Judge Begins Receivership Hearing for Jefferson County

BRADENTON, Fla. — A federal judge yesterday began a hearing to determine if a receiver should be appointed to control Jefferson County, Ala.’s financially distressed sewer system, which is saddled with nearly $3.2 billion of variable- and auction-rate debt and an estimated $748 million in swap termination fees.

Major insurers of the county’s sewer bonds, Syncora Guarantee Inc. and Financial Guaranty Insurance Co., and bondholders’ trustee Bank of New York Mellon sued the county last September and filed an emergency motion seeking a receiver for the sewer system, claiming Jefferson County officials failed to raise revenues appropriately to pay debt service.

In what seemed to be a partial victory for the county on Wednesday during a status conference with attorneys, U.S. District Judge David Proctor ruled that based on a law that prohibits federal courts from setting the rates on utilities controlled by state or local governments, if a receiver is appointed for Jefferson County’s sewer system he or she cannot set rates, according to reports of the courtroom proceedings in the Birmingham News.

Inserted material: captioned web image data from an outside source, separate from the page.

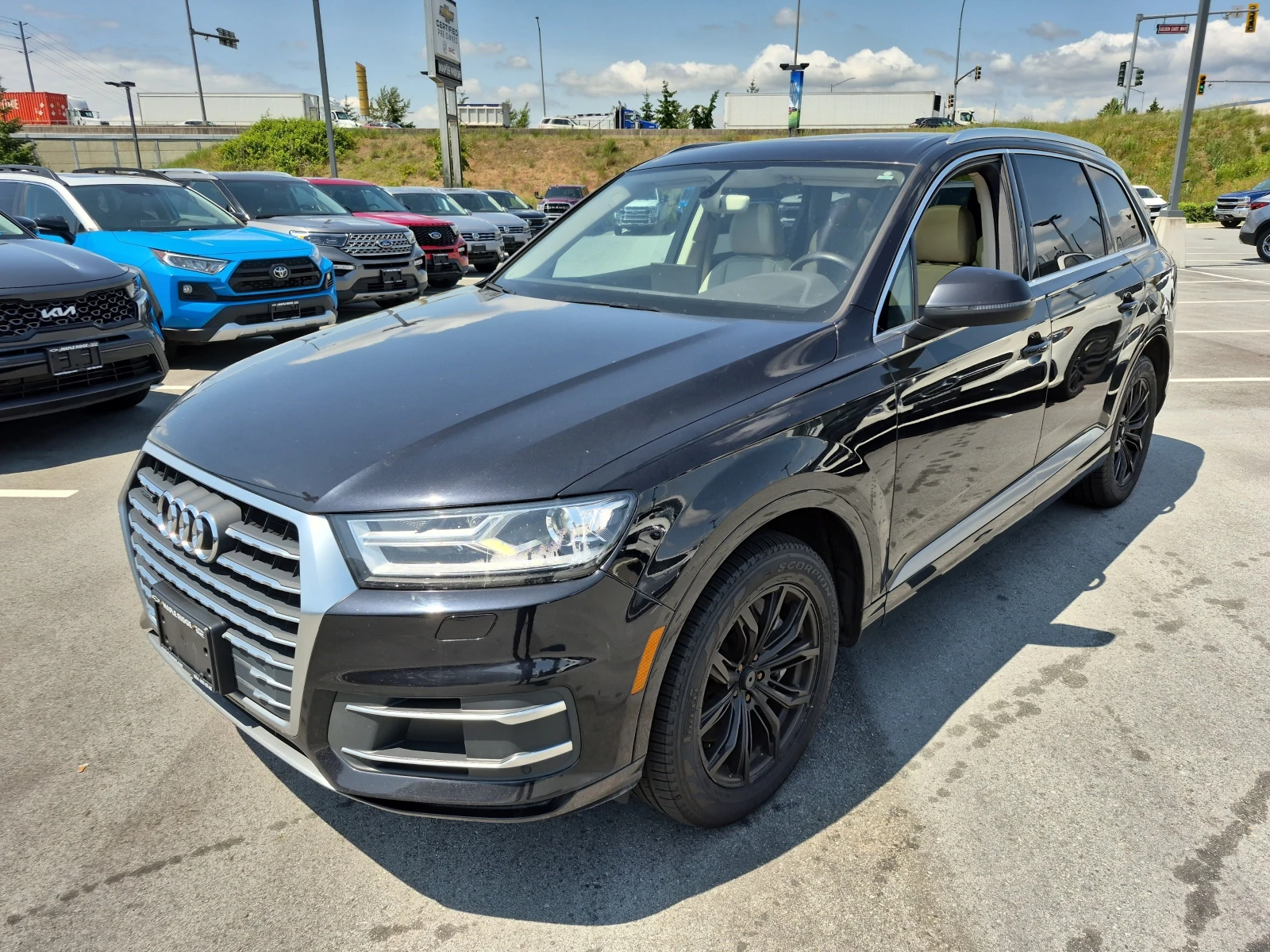 Audi Q7 Komfort* ЦЕНА ДО БЪЛГАРИЯ * (CARFAX) - изображение 2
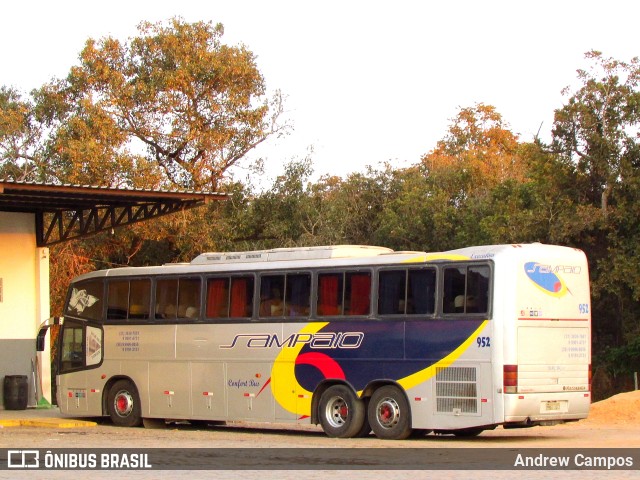 Sampaio Turismo 952 na cidade de Pirapora, Minas Gerais, Brasil, por Andrew Campos. ID da foto: 10129234.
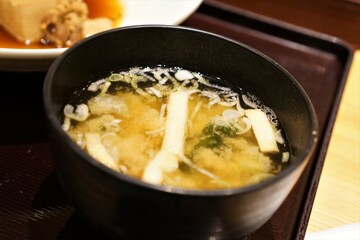定食屋さんのお味噌汁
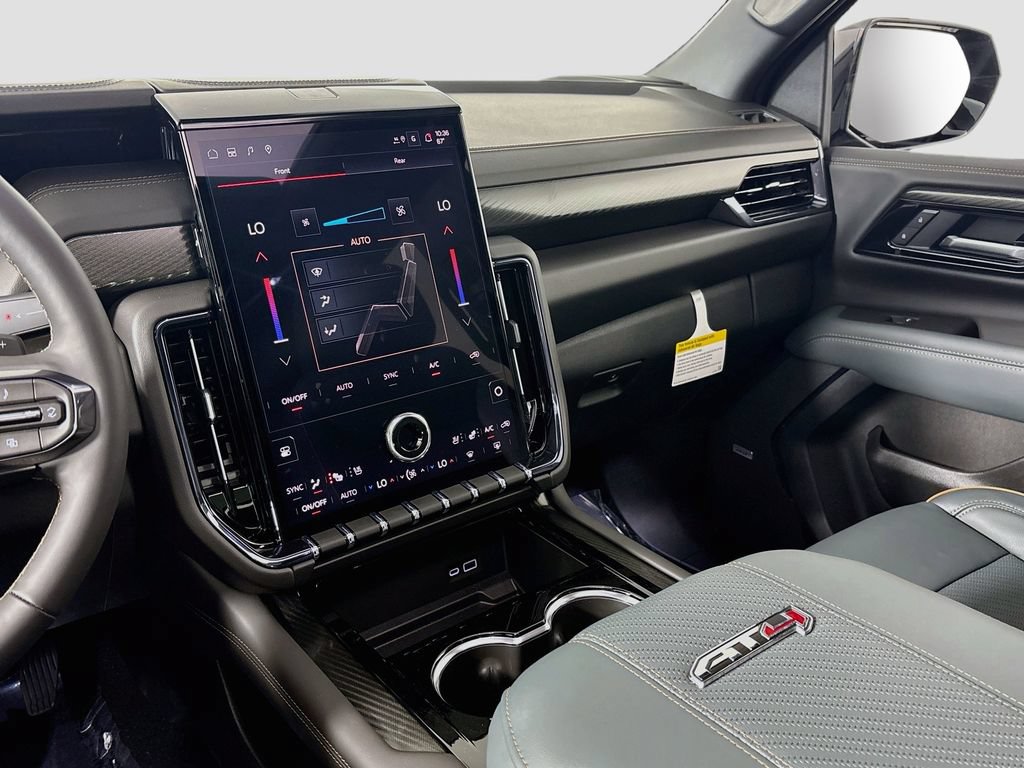 New 2026 GMC Yukon XL AT4 AWD/4WD image 24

Jefferson County attorneys had filed a motion seeking a delay in the receivership hearing, but Proctor allowed it to proceed yesterday.

The Birmingham News reported that a lawyer representing bond insurers charged in opening statements at yesterday’s hearing that ineptitude, poor planning and corruption were to blame for the sewer system’s problems. Lawyer Henry Simpson also said there have been several rate studies over the years that suggested the county should raise rates but those were ignored by county commissioners.

Wednesday’s ruling was seen as a boost to the county’s effort to maintain control over rates, which they have resisted increasing because a large portion of the sewer system’s ratepayers are considered low income.

And the ruling may help the county continue to work on restructuring the sewer debt without filing for bankruptcy to avoid receivership, said Jeffrey Cohen with Cohen & Associates PC, whose work includes municipal bankruptcy and creditors’ rights.

“If the court can’t order a receiver to set rates, then any receivership order the federal court could issue would only apply really to operations, and doesn’t give the bond insurers that moved for the receiver the kind of relief they were looking for,” he said.

Proctor on Wednesday also ordered both sides in the receivership case to submit names of potential receivers by next week, which may be an indication that he does not intend to immediately rule on whether to appoint a receiver following the hearing.

The county has also argued that efforts are under way to put into place a plan to restructure the debt, which is being facilitated by Alabama Gov. Bob Riley.

Riley, in a letter to Treasury Secretary Timothy Geithner and Federal Reserve chairman Ben Bernanke earlier this month, said “federal support will be a necessary part of any solution” to the sewer debt crisis.

Riley asked Geithner and Bernanke to consider one of three avenues that would help Jefferson County restructure the debt: provide a guaranty to bondholders, a direct purchase by the governor of debt held by bondholders, or allow tax credits to pass through to the county under the Build America program.

The federal government’s help is needed, Riley said, because the rating downgrades of bond insurers “set off a chain reaction that has destroyed the market’s confidence in Jefferson County’s paper. As a result, the county was burdened with interest rates and accelerated principal payments that it simply cannot sustain.”

Riley pledged that Jefferson County would pay the restructured debt in full, and said it would be issued by a “bankruptcy-remote state funding facility.” He did not say if that funding facility currently exists, or if it would need to be authorized by the state Legislature.

The governor also pledged that once the debt was restructured, and the market regains confidence in the revenue streams supporting the debt, “Jefferson County is committed to refinancing the debt without federal assistance.”

Although a majority of county commissioners are believed to be against filing for what would be the largest municipal bankruptcy in U.S. history, no plan to restructure the debt has been publicly approved by them.